Greetings, I was hoping that someone in the forum has solved this issue.  My dxl script goes through and puts attribute names in an array.  I then make another array of regular expressions that have the attribute names and additional things (operations, and semiphores, but that is not important).  I then use the regular expression array to search for patterns.  However, I found that if the attribute name contains a question mark(?), or square brackets([,]), then the regular expression is not formed right and doesn't find the right pattern.

I did a workaround for the question mark by checking if the attribute name matched one I knew with a question mark and then replaced the regular expression with one that I escaped the question mark for.  For example, for an attribute name of _Req?, the regular expression was to be (<<<)(_Req?)(=)(>>>), but it doesn't work finding <<<_Req?=>>>.  However, when I replace the regular expression with (<<<)(_Req\\?)(=)(>>>), this now works.

I can't find anything in the dxl reference manual that seems to indicate why the ? won't work in a regular expression, but it doesn't surprise me.

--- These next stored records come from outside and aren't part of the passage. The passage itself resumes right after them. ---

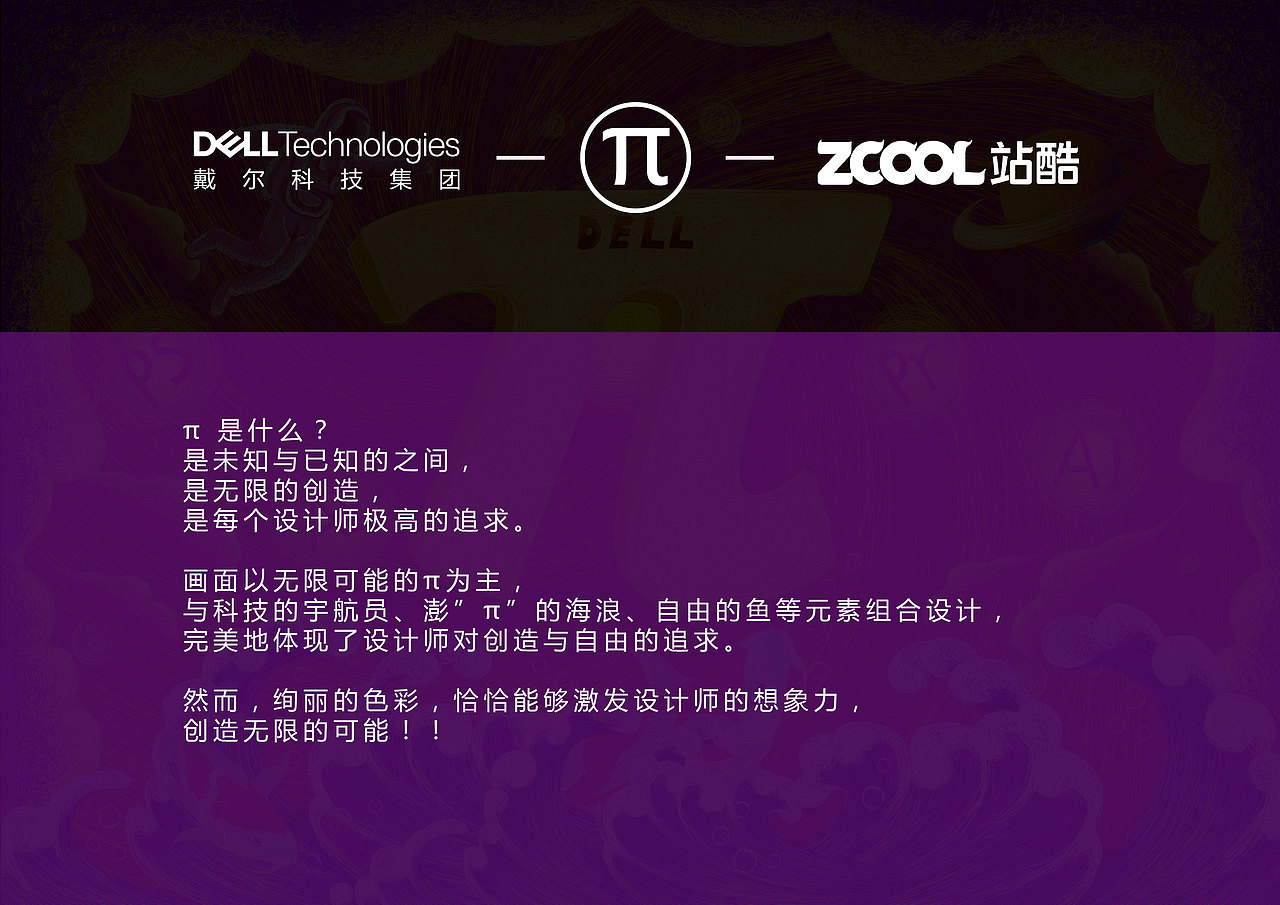 戴尔创意π，π无处不在。（图ZMjM0MTI4NDY0） - 海报 - 站酷设计师陈宏清原创素材 - 站酷ZCOOL
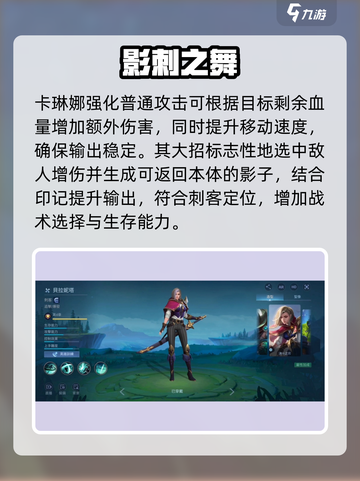 决胜巅峰奇袭英雄有哪些介绍截图3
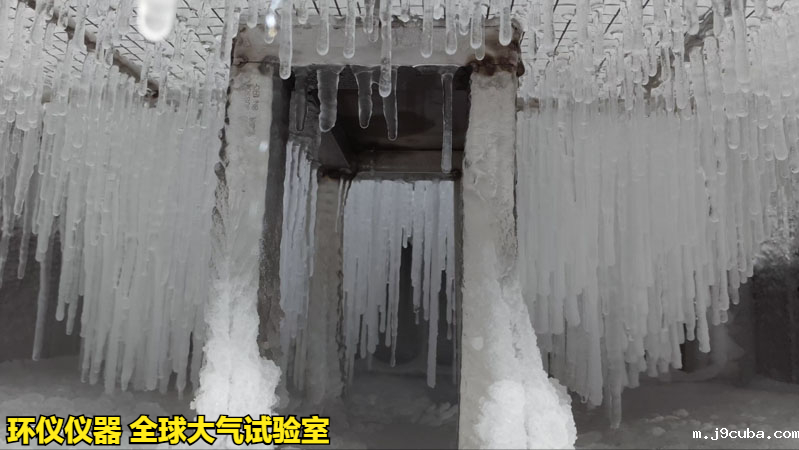 全球大气试验室温度稳定性控制方法(图2)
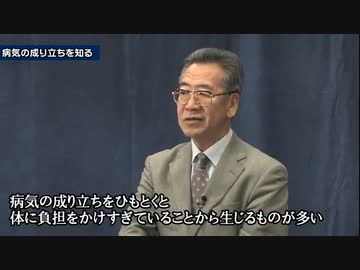 免疫学の世界的権威 安保徹先生 「病気になると自分自身のカラダが悪いと思ってしまう。病気の成り立ちは、まじめで頑張りすぎたり、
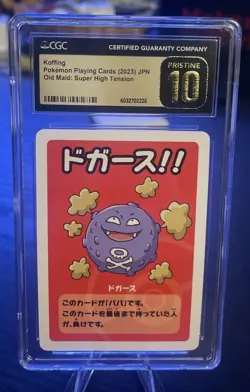 CGC 10 Pristine Koffing Old Maid 2023 Japanese Pokemon Super High Tension ✨✨✨ - Image 1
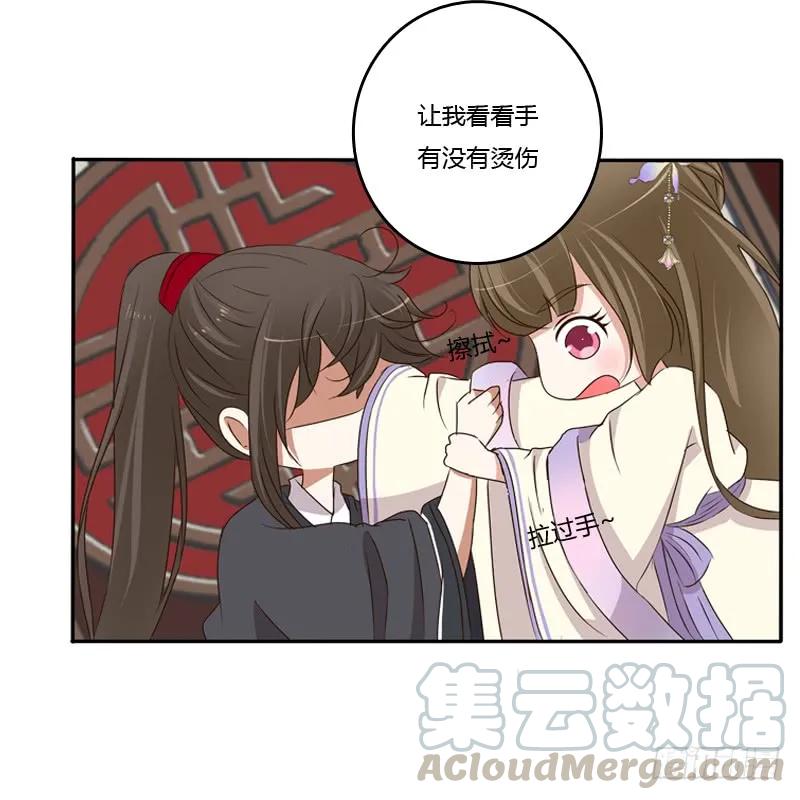 《通灵妃》王爷请喝茶 第36页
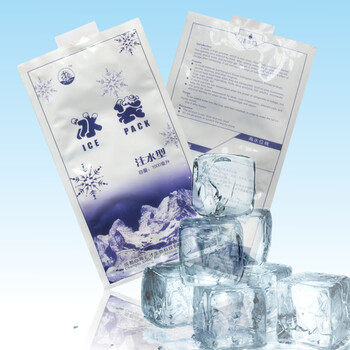冰皇 保冷剂100克食品保鲜冰袋(10个装) 巧克力 奶酪 黄油 蛋糕等食品
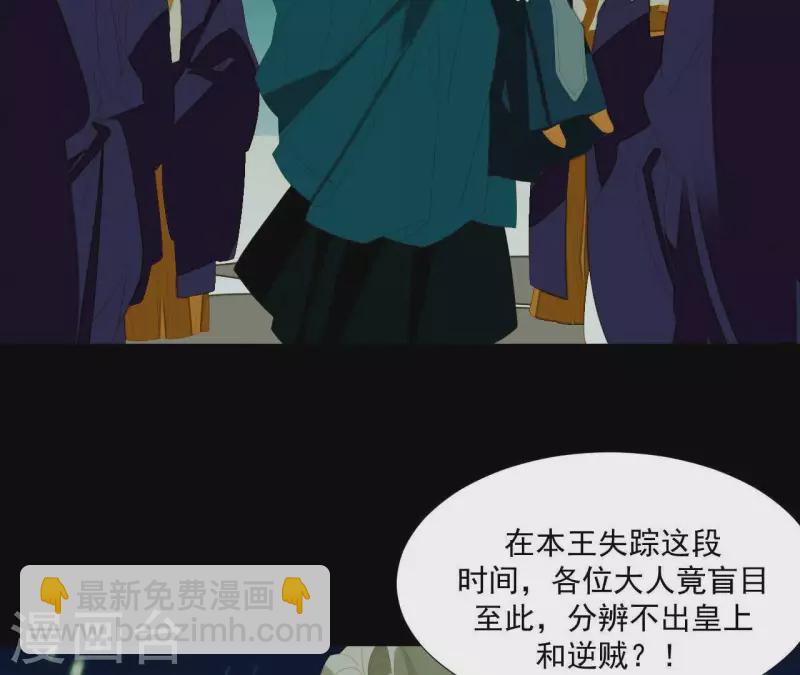 第116话 皇帝是女人(1/2)-第117话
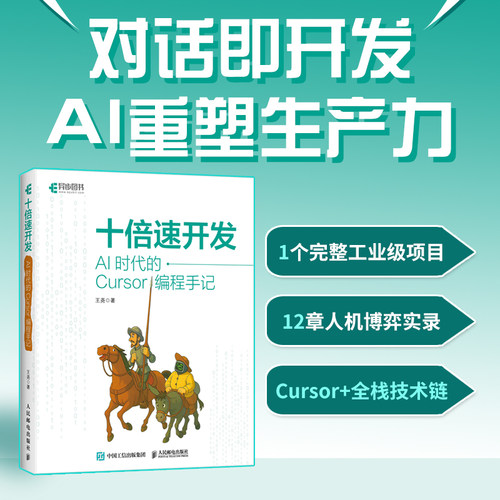 官方正版 出版社直发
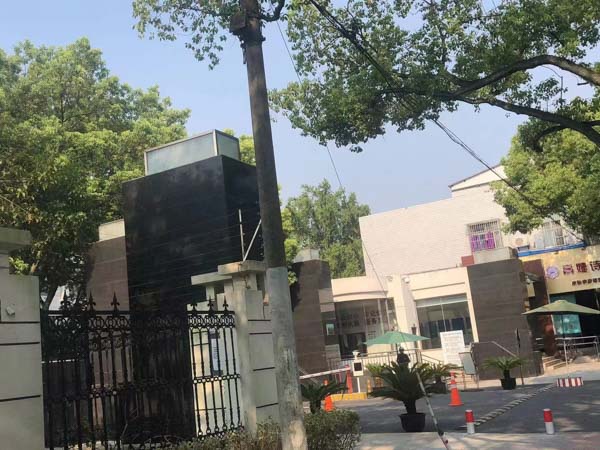 生效調(diào)解書又提起訴訟的案件應(yīng)如何處理?深圳律師咨詢網(wǎng)為您解答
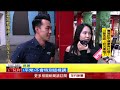 獨家／「實實寶寶挑戰」爆紅！ 拿錯字測另一半是否上心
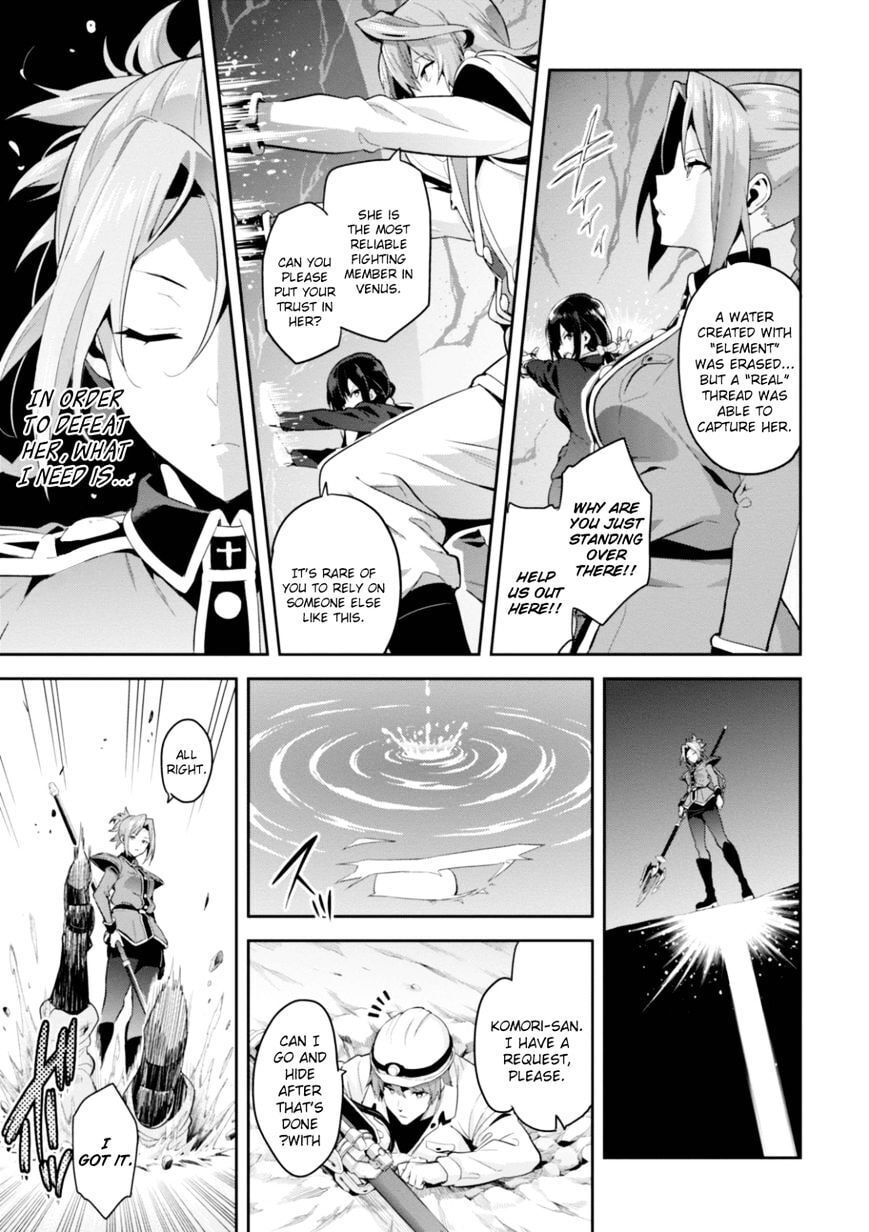 Maken-ki! - Inaho to Yukai na Nakamatachi- Chapter 93 page 19 - 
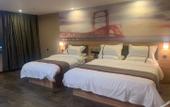 Туры в отель Shankee Hotel (Taixing Xinjie Town)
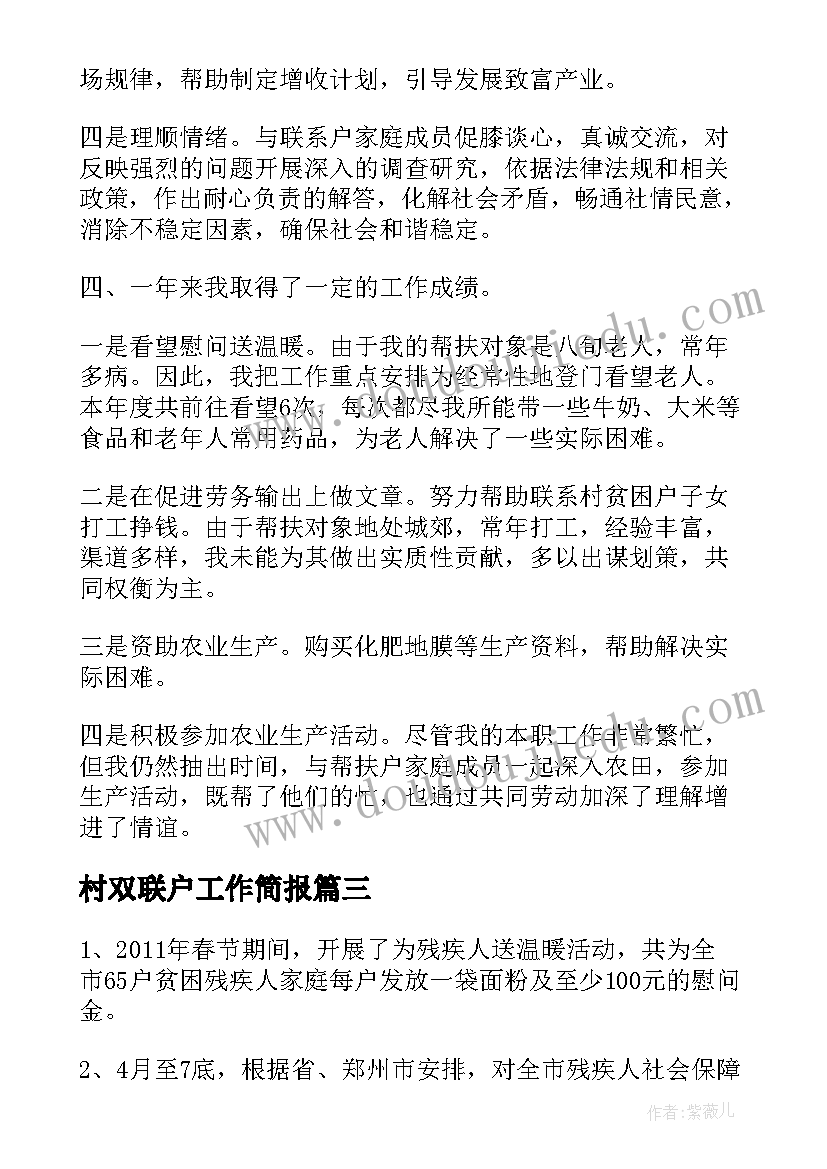 2023年村双联户工作简报(优秀9篇)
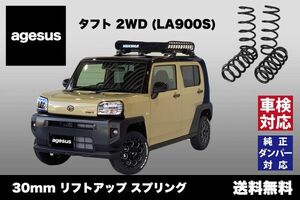 アゲサス タフト2WD (LA900S)用 agesus リフトアップサス 30mm UP ★キャンプやアウトドア、雪道対策にもオススメ★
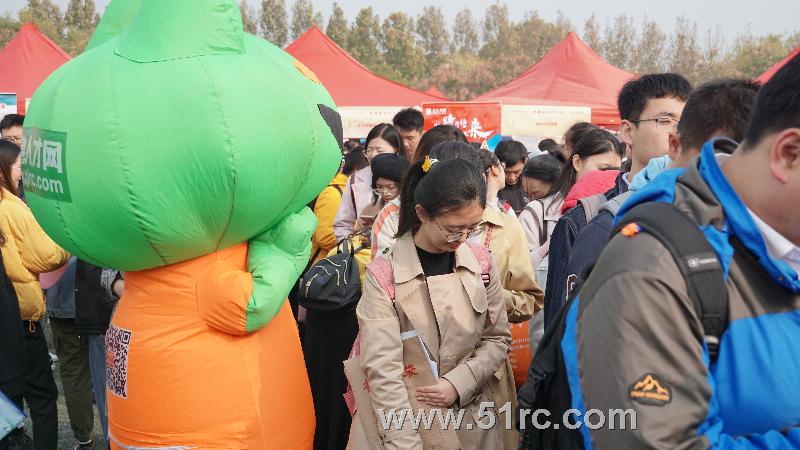 11月9日山东中医药大学2019年秋季就业洽谈会盛大举行中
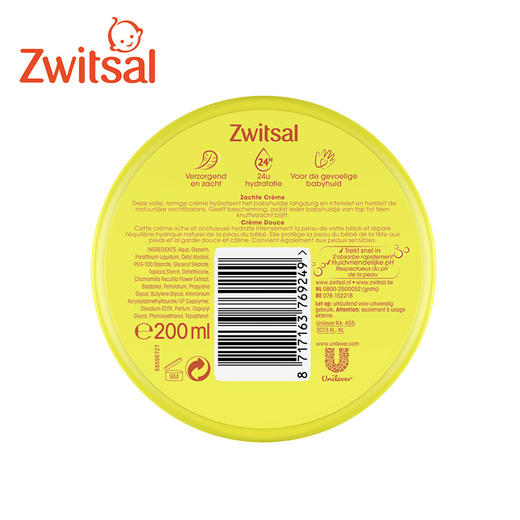 【云优选】荷兰zwitsal 保湿面霜 商品图2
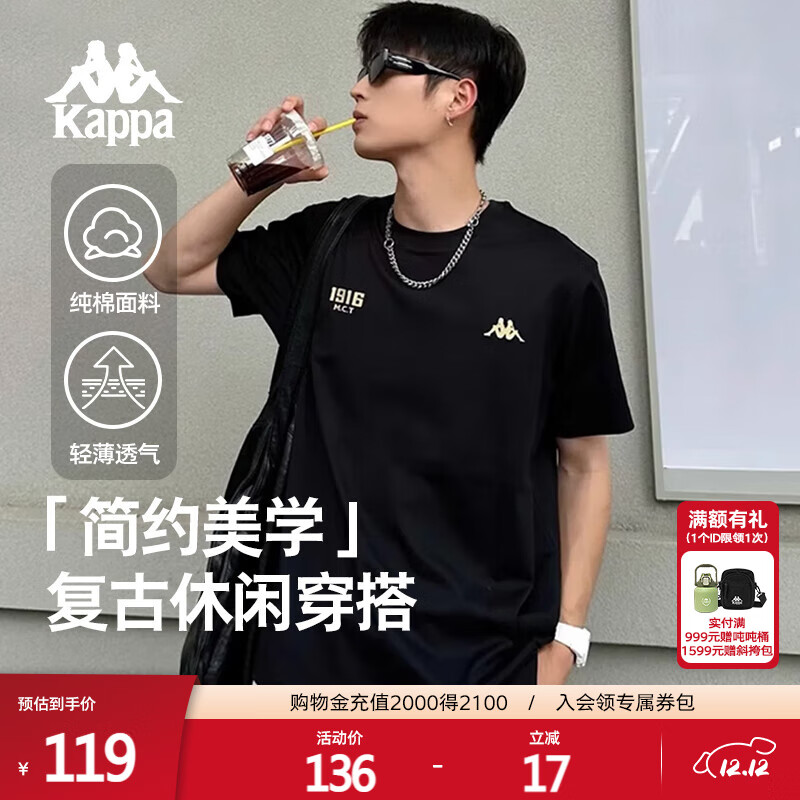 卡帕（Kappa）背靠背运动男士t恤短袖2025新款纯棉夏季跑步上衣男款K0D32TD21V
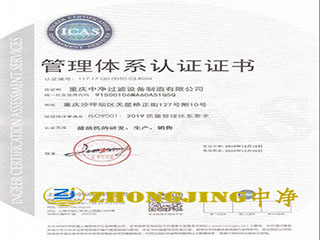 Quality System Management Certificate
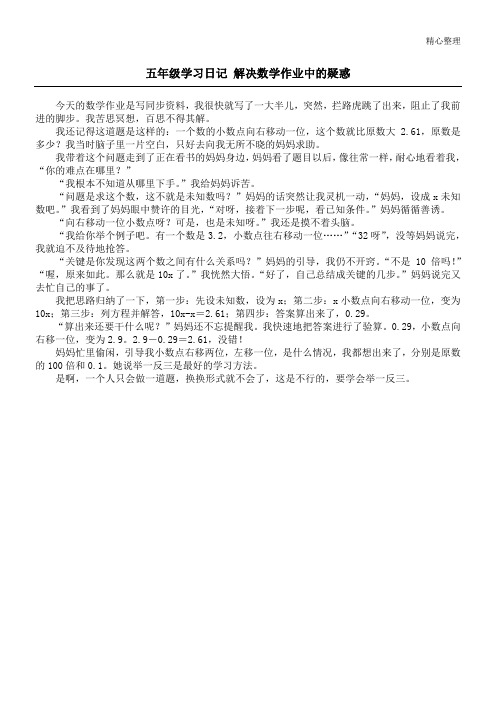 五年级学习日记 解决数学作业中的疑惑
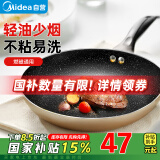 美的（Midea）煎锅不粘锅 平底锅家用煎蛋饼锅牛排煎锅 电磁炉燃气灶通用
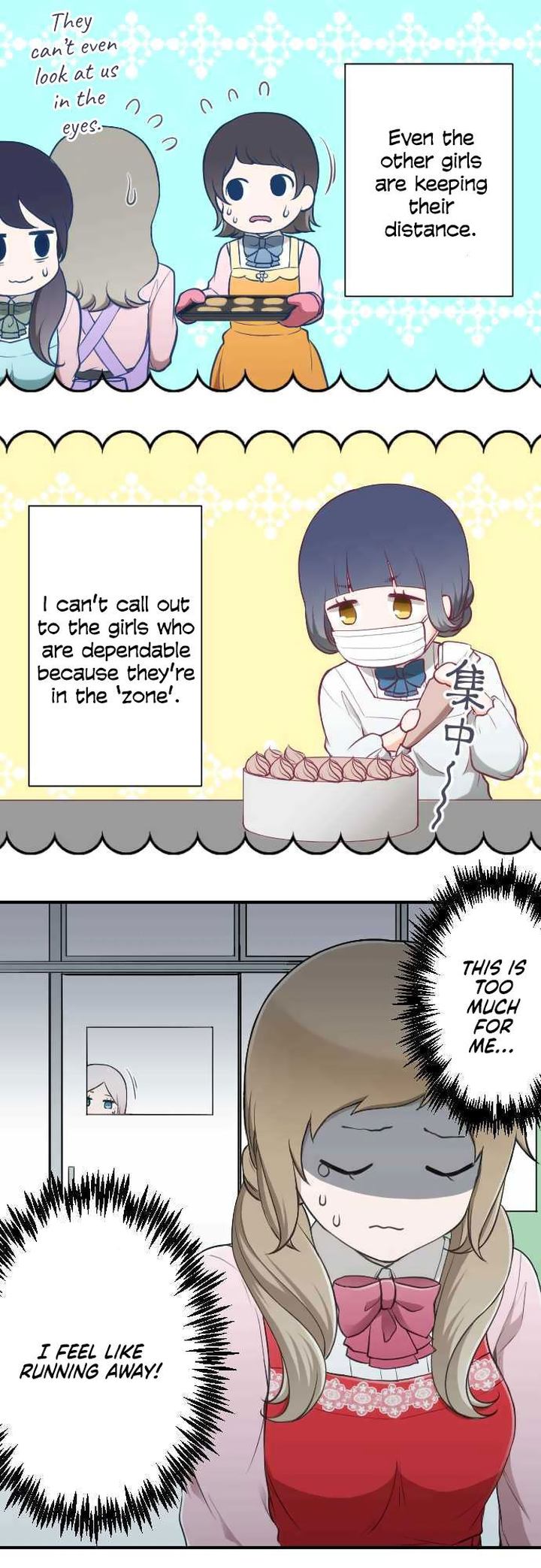 Ouji Sama Nante Iranai 170 15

Since I don't have control on what people name their attributes, I would like to try and make my script adaptable for whatever name they use.  What I am wondering is if anyone has found a way to make a more generic method to fix these.

Thanks a bunch!

Greg


GregM_dxler - Tue Aug 20 18:08:42 EDT 2013

Re: Special Characters in Regular Expressions
Martin_Hunter - Wed Aug 21 04:22:02 EDT 2013

Greg,

The question mark character I believe can be used for first instance in a string ie lean not greedy which by default finds the last instance.

The character should therefore be escaped as should all regular expression characters found in an attribute name.

I had to add the following function to handle the dot character

{code}

string prefixDot (strings) {

   while (matches ("[^\\\\](\\.)", s)) {

      s = s[0:start 1-1] "\\" s[end 1:]

   }

return s

}

{\code}

Regards,

Martin

Re: Special Characters in Regular Expressions
GregM_dxler - Wed Aug 21 08:50:09 EDT 2013

Martin_Hunter - Wed Aug 21 04:22:02 EDT 2013

Greg,

The question mark character I believe can be used for first instance in a string ie lean not greedy which by default finds the last instance.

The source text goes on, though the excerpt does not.